Three-hundred cows for a bride.

It sounds like an exchange relegated to the pages of history, but it is a practice that remains very much alive in some pockets of Australia, according to

When South Sudanese lawyer Nyadol Nyuon found the man she wanted to marry, she was torn between two worlds: That of her tradition, in which dowries are still expected from a prospective husband by his bride's family as payment for letting her go, and that of her modern belief system, in which she objects to the gender imbalance of their practice.

Ultimately, she agreed to her husband giving her family 300 cows in exchange for her hand to preserve her relationship with her family.


"I value the relationship with my mother and I value the relationship with my extended family members," she told SBS program Insight last night.

If she was to reject the tradition, she said, her dream wedding would not have occurred.

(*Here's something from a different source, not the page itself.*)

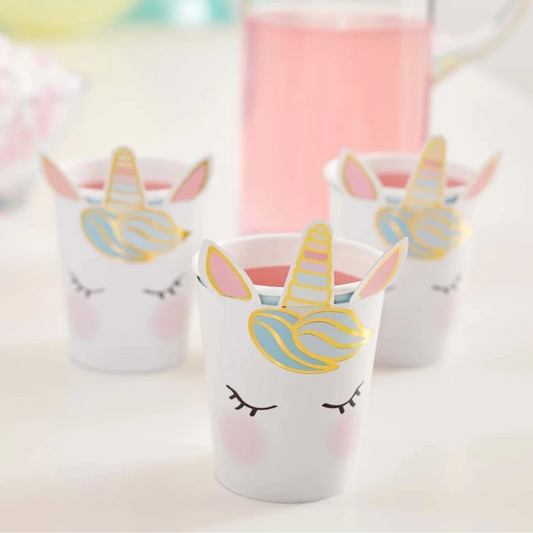 Unicorns Face Cups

"It would have not involved the big celebration, the big wide celebration that includes
everybody else," she said.

"And so because of those pressures I think, I wanted, I went along with it and part of it, the other thing as well is that I actually have no say.

"Culturally I have no say on whether or not someone pays a dowry for me.

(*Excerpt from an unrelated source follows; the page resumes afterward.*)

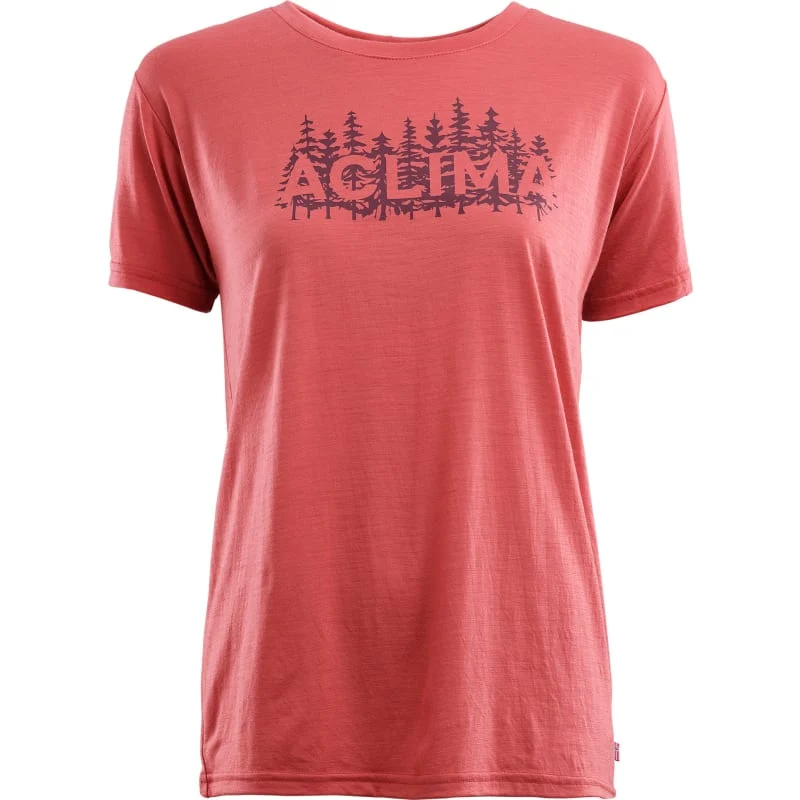 lightWool Classic Tee Wood Print W´s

"It's not ... a right of mine to tell anybody that they can't pay a dowry. It's seen as my family right, that's my mum's right, that's my father right.

"So it would be asserting myself in a very different way."

Despite that, Nyuon said she was conflicted over the arrangement.

"I felt as if I, I think, personally I felt as if I wasn't strong enough to have stood up to my
culture and say, 'I actually don't want to pay this amount of cows for me,'" she said.

"So I felt quite conflicted throughout my wedding and I think I feel quite conflicted now even now speaking honestly in that ... I'm not quite settled with the dowry stuff and I don't think that some of the things that come off the practice itself are justifiable."

The exchange of a dowry for a bride has long been tradition among those of Islamic faith, as well as a widespread practice in Africa and South Asia.

Requesting a dowry was outlawed in India in 1961 but the practice continues in many migrant communities in Australia and is often linked to domestic violence.

Last year, the Victorian Royal Commission into Family Violence recommended Victoria consider new laws which include dowry-related abuse as a form of domestic violence.

Nyuon said in Nuer culture, the ethnic group concentrated in the South Sudan, men essentially own their wives and children after the exchange of a dowry, giving women no rights.

"I think that the issues within the marriage themselves can be exacerbated by the fact that someone has paid a dowry for you and I think there can be assumptions about what you're supposed to do, what you're not supposed to do," she said.

"I also know that culturally one of the things that, for example, makes me anti dowry is the fact that I don't have the same right to my children, at least in Nuer cultural law I won't have the same rights to my children as my husband would because my husband has paid a dowry, you know, so my children will always be part of his family.

"They will take his name but they will never be part of my family. Whereas if he didn't pay the dowry, then the kids could legally be named under Nuer culture under my father's name."

The program talks to a number of couples about the practice, including Brisbane Muslim woman Naseema Mustapha, a social worker, who decided with her prospective husband and fellow social worker Mohamed to personalise her dowry.

She told Insight she requested Mohamed to buy and slaughter a goat to cook it and feed the poor, as a way of honouring the tradition without compromising her equality in her marriage.